:: Directions ::
From the line containing "Hand-drawn sketch of" down to the line containing "Amplia sala de", copy out the entries below exactly, both lines included, and nothing else; pictures do not belong in the copy.

:: Input ::
= = =

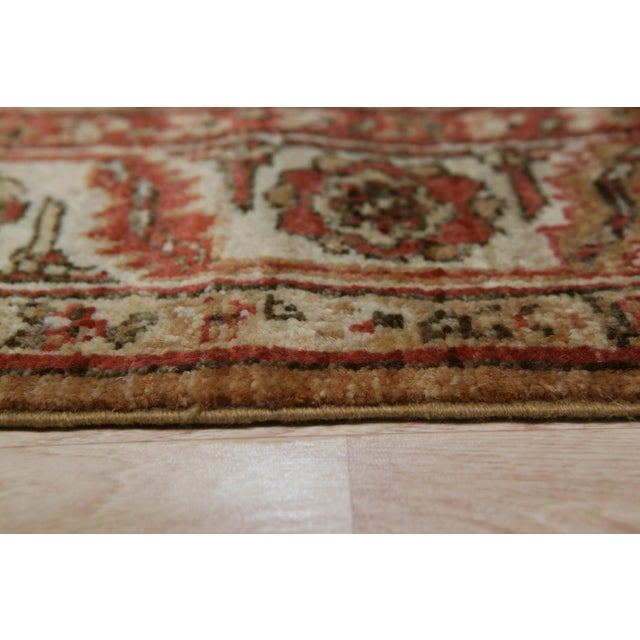 Giselle Zinnia Brown Hand Knotted Wool Rug, Country of Origin: China. This exquisite hand-knotted wool runner showcases...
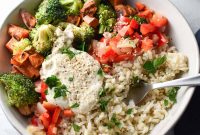 Roasted Sweet Potato Bowl with Quinoa and Tahini Dressing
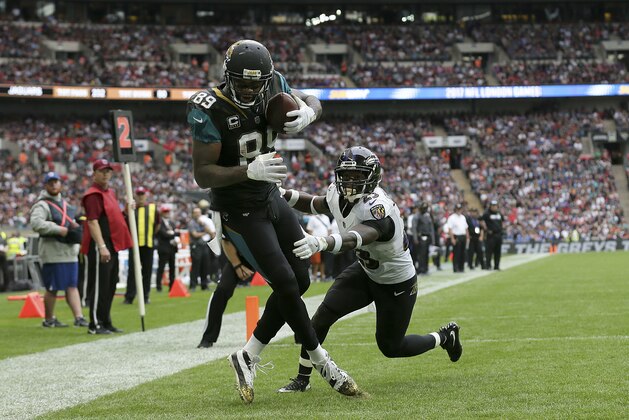 Jacksonville Jaguars tight end Marcedes Lewis (89) catches a touchdown against Baltimore Ravens strong safety Tony Jefferson during the second half of an NFL football game at Wembley Stadium in London, Sunday Sept. 24, 2017. (AP Photo/Tim Ireland)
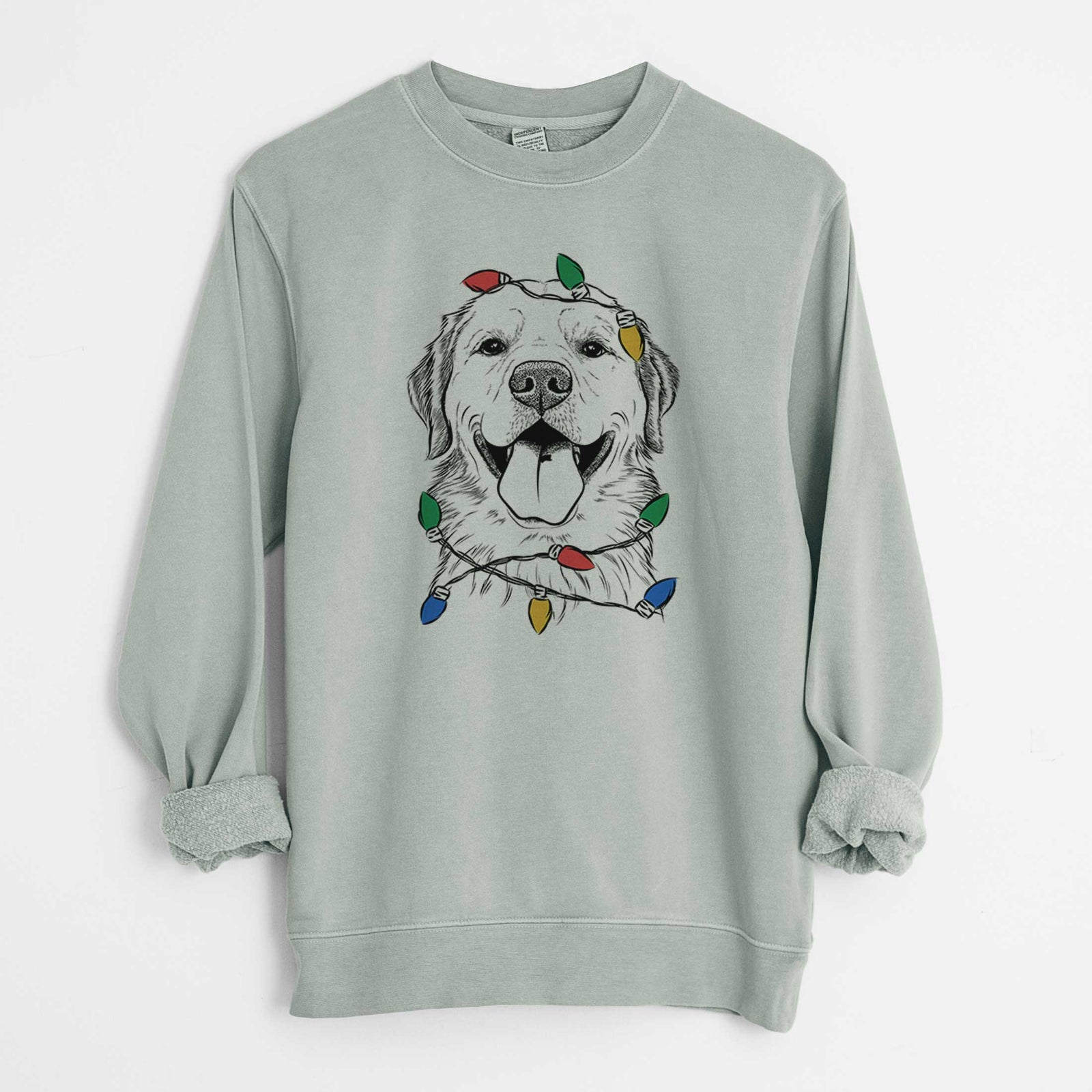Hand-drawn sketch of Bennett the Golden Retriever wrapped in Christmas lights on a Sage Unisex pigment dyed crew sweatshirt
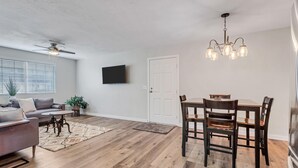 Amplia sala de estar con ventilador de techo, televisor de pantalla plana montado en la pared, comedor con mesa y sillas de madera, y un ventanal con persianas.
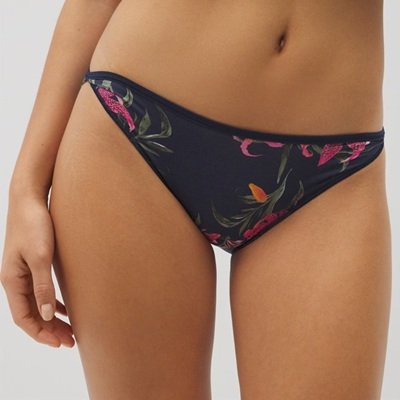 A parte inferior do corpo de uma mulher; Ela está usando roupas íntimas de biquíni em uma estampa floral negra
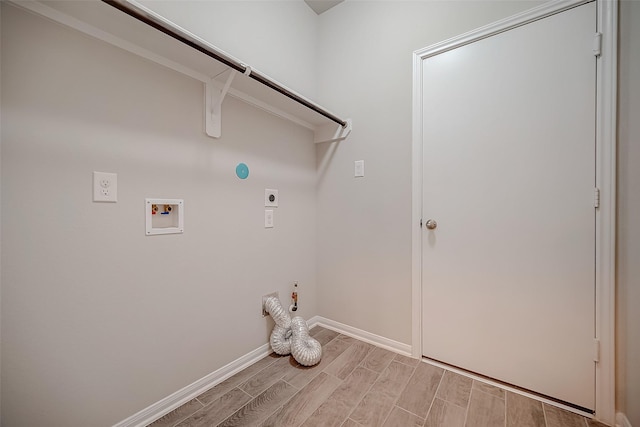 3423 Hackberry Tree Ln, Katy, TX 77449 - clothes washing area featuring hookup for an electric dryer, hookup for a gas dryer, wood finish floors, hookup for a washing machine, and baseboards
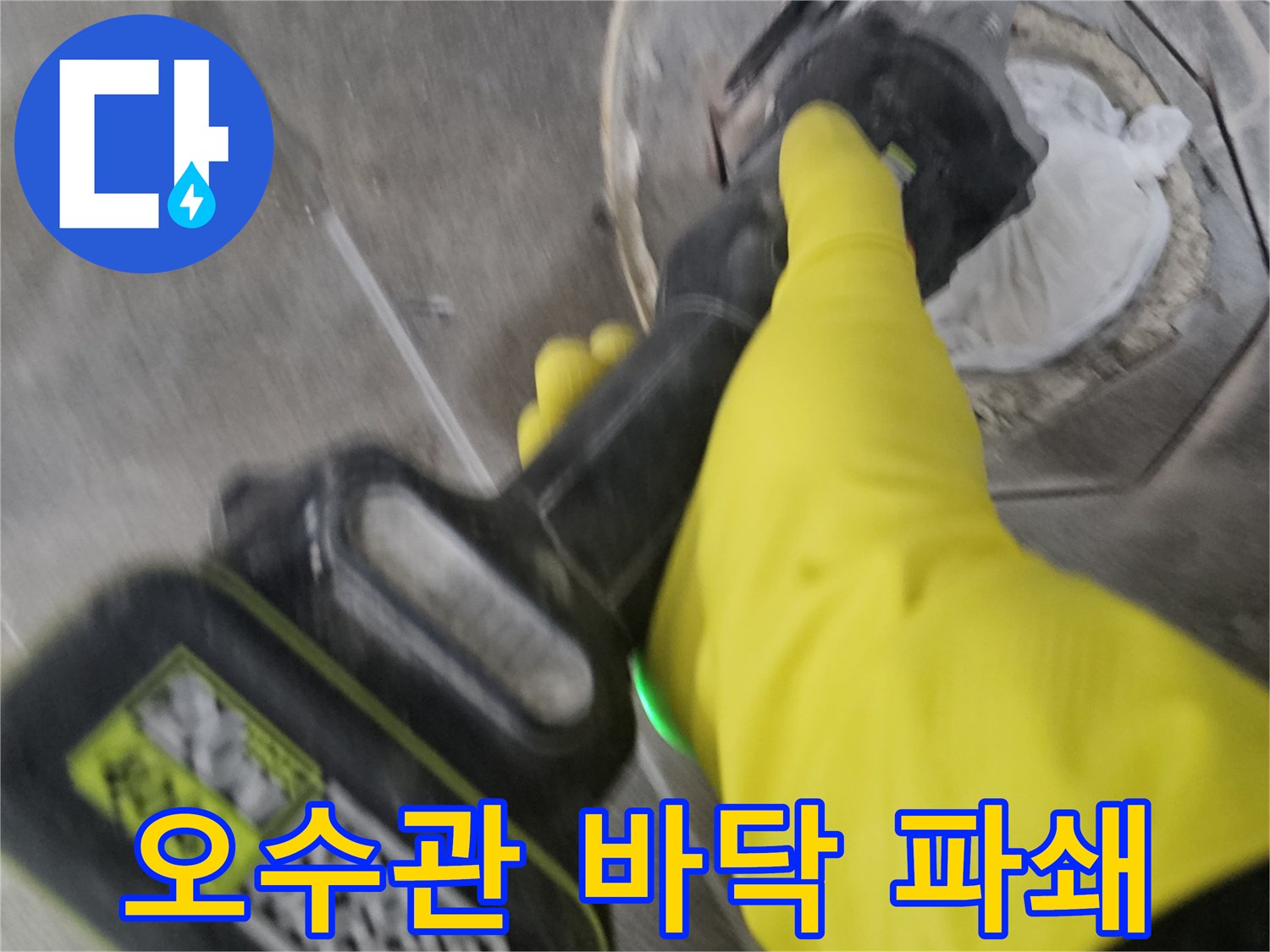 노란 장갑을 낀 작업자가-전동 커터로-오수관 주변의 바닥 타일을-정확하게 잘라내어-파쇄하는 모습입니다.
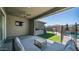 Relaxing outdoor living space with comfortable seating, built-in grill, and a view of the pool at 9936 E Revolution Dr, Mesa, AZ 85212
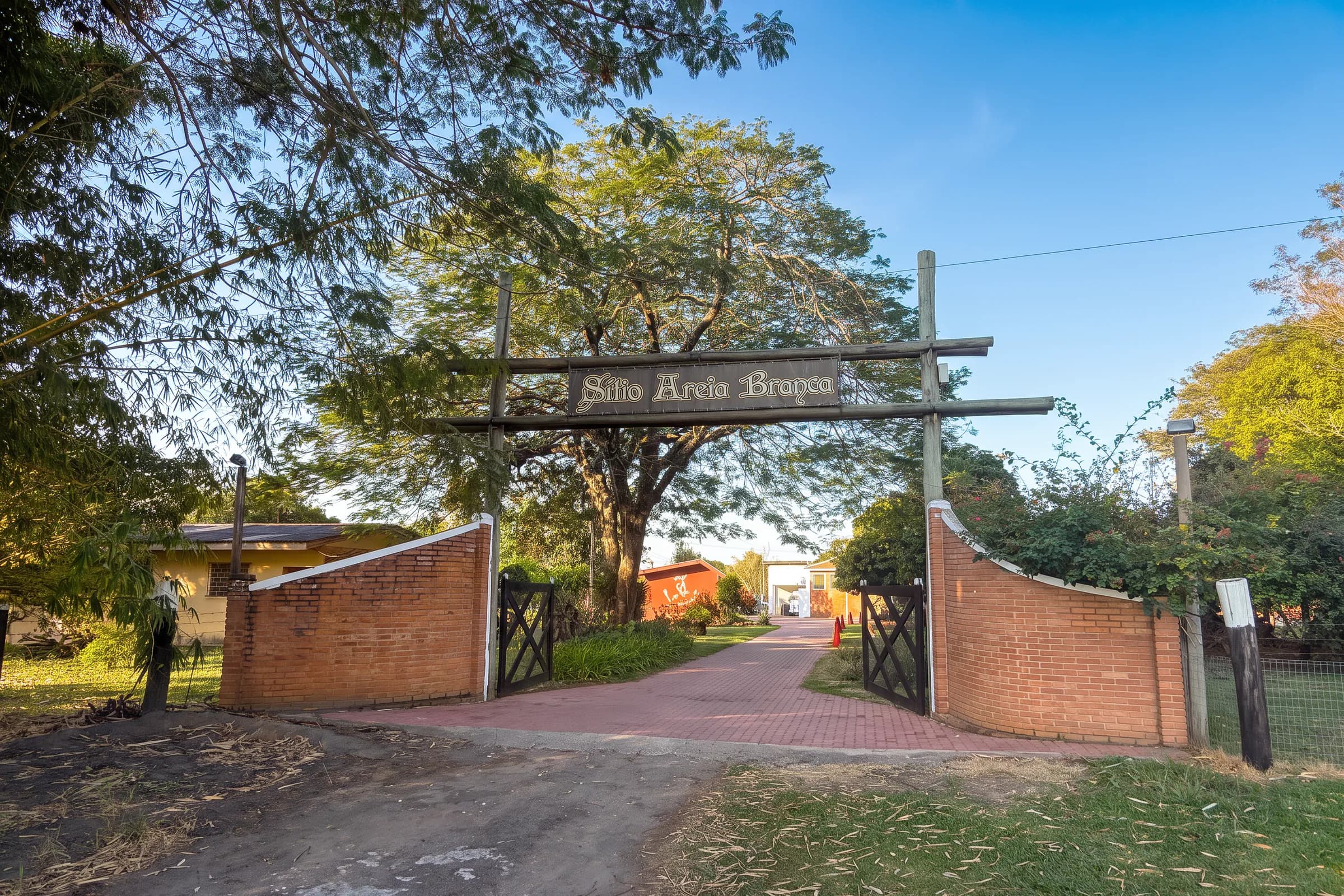 Entrada do Sítio Areia Branca, em Tietê (SP), com a placa de madeira sobre o portão de tijolos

= = =

:: Answer area ::
Hand-drawn sketch of Bennett the Golden Retriever wrapped in Christmas lights on a Sage Unisex pigment dyed crew sweatshirt
 Amplia sala de estar con ventilador de techo, televisor de pantalla plana montado en la pared, comedor con mesa y sillas de madera, y un ventanal con persianas.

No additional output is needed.